How to make my life experience as a gay immigrant as the flesh of my practice, not stories it tells? Partly by thinking of photography not as hunting but as construction, in a practice that is hybrid, non-hierarchical, and porous. Debris makes my photographs of ancient sculpture into paper sculptures (through cut and fold). Those heads are travelers - of time, of space – dis-located in museums, re-signified, but also fierce survivors, hybrids like the very flesh of this work.

 

 

1

The experience of being an immigrant, a foreigner, is that of belonging and not - a bit like remembering past lives. You are multiple. (Je est un autre, said Rimbaud.) And, in another layer, if one is queer, one exists in different dimensions, as one learns of the tunnels and attics of society. One is not taught to be gay by their own family, by school, the way one is taught how to be straight. We learn by becoming, by participating in different cultures at the same time.

My life experience and its political implications are the flesh of my practice, not stories it tells. A practice that is hybrid, non-hierarchical, expansive, and porous.

2

I think of photography not as an act of hunting and capture, but as an arena—a space for construction. My images do not emerge from a decisive moment; they crystallize slowly, built through painting, sculpture, theatricality, and photography. What appears before the lens is handmade, inviting the viewer to slow down and look closely—to see each brushstroke, each fabricated inch: tactile, deliberate, and materially present.

3

Debris investigates the translation of three-dimensional objects into the two-dimensional space of photography.
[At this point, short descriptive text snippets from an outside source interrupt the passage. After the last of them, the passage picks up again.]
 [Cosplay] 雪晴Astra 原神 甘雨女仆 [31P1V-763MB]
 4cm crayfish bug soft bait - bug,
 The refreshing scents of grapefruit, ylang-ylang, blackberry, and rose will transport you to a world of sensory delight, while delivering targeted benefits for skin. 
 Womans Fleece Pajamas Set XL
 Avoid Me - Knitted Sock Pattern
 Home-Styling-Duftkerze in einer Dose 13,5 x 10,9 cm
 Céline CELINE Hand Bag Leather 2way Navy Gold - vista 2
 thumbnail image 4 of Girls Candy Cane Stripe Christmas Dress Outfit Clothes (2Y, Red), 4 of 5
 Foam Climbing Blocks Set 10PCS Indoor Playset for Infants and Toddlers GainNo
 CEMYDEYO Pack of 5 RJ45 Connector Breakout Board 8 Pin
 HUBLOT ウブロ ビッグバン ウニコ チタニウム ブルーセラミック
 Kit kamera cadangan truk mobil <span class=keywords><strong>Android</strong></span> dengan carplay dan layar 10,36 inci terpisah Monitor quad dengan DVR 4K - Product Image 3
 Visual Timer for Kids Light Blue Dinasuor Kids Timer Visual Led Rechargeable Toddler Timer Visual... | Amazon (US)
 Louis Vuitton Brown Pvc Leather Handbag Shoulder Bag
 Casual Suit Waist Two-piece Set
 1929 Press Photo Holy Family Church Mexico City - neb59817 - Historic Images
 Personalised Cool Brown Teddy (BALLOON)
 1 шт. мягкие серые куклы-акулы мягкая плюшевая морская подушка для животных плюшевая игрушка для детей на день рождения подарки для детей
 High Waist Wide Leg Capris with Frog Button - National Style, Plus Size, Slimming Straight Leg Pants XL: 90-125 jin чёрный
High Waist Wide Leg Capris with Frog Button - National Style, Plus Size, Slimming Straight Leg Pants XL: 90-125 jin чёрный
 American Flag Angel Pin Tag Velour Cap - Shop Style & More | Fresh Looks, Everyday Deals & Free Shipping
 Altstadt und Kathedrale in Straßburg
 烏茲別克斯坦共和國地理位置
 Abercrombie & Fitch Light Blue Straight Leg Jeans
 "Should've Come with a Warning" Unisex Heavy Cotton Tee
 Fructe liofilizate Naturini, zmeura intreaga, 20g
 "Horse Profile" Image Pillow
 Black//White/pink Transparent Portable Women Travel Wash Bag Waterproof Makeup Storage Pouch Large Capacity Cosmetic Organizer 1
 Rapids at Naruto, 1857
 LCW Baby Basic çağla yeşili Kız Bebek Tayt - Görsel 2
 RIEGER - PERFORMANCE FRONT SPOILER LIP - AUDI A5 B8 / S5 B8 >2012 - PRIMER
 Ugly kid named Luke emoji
This transformation occurs at least twice in the work: first, in my photographs of ancient sculptures; then, in images of paper sculptures constructed from printouts of those originals. These paper heads are constructed entirely through cutting and folding—without subtraction or glue—to allow them to physically stand on their own. A tension emerges between the representation of the volume of marble or clay and the flatness of the cutouts.

Those heads are travelers - of time, of space – dis-located in museums, re-signified, but also fierce survivors, hybrids like the very flesh of this work.